Let $\mathcal{D}=\{D_0,\ldots,D_{n-1}\}$ be a set of $n$ topological disks in the plane and let $\mathcal{A} := \mathcal{A}(\mathcal{D})$ be the arrangement induced by $\mathcal{D}$. For two disks $D_i,D_j\in\mathcal{D}$, let $Δ_{ij}$ be the number of connected components of $D_i\cap D_j$, and let $Δ:= \max_{i,j} Δ_{ij}$. We show that the diameter of $\mathcal{G}^*$, the dual graph of $\mathcal{A}$, can be bounded as a function of $n$ and $Δ$. Thus, any two points in the plane can be connected by a Jordan curve that crosses the disk boundaries a number of times bounded by a function of $n$ and $Δ$. In particular, for the case of two disks, we prove that the diameter of $\mathcal{G}^*$ is at most $\max\{2,2Δ\}$ and this bound is tight. For the general case of $n>2$ disks, we show that the diameter of $\mathcal{G}^*$ is $O(n^3 2^n Δ)$. We achieve this by proving that the number of maximal faces in $\mathcal{A}$ -- faces whose ply is more than the ply of their neighboring faces -- is $O(n^2 2^n Δ)$. To this end, we first show that the number of maximum faces -- faces whose ply is $n$ -- is $O(n^2Δ)$; the latter bound, which is of independent interest, is tight in the worst case.

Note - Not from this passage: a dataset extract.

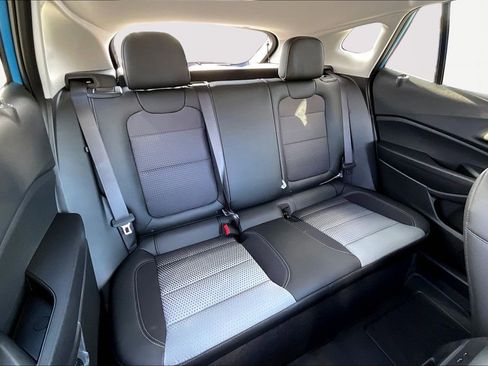 New 2026 Chevrolet Trax LT image 12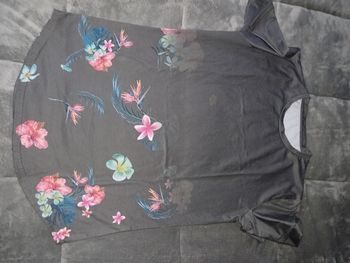 Tee-shirt manches courtes Femme gris foncé et fleurs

翻译：令 $\mathcal{D}=\{D_0,\ldots,D_{n-1}\}$ 为平面上 $n$ 个拓扑圆盘的集合，并设 $\mathcal{A} := \mathcal{A}(\mathcal{D})$ 为由 $\mathcal{D}$ 诱导的构型。对于任意两个圆盘 $D_i,D_j\in\mathcal{D}$，令 $Δ_{ij}$ 表示 $D_i\cap D_j$ 的连通分支数，并定义 $Δ:= \max_{i,j} Δ_{ij}$。我们证明了 $\mathcal{A}$ 的对偶图 $\mathcal{G}^*$ 的直径可以被 $n$ 和 $Δ$ 的函数所界定。因此，平面上任意两点均可由一条若尔当曲线连接，且该曲线穿越圆盘边界的次数受限于 $n$ 和 $Δ$ 的某个函数。特别地，对于两个圆盘的情形，我们证明 $\mathcal{G}^*$ 的直径至多为 $\max\{2,2Δ\}$，且该界是紧的。对于 $n>2$ 个圆盘的一般情形，我们证明 $\mathcal{G}^*$ 的直径为 $O(n^3 2^n Δ)$。这一结论的获得基于我们证明了 $\mathcal{A}$ 中极大面（即层数大于其相邻面层数的面）的数量为 $O(n^2 2^n Δ)$。为此，我们首先证明了最大面（即层数为 $n$ 的面）的数量为 $O(n^2Δ)$；后一界在最坏情况下是紧的，且具有独立的研究意义。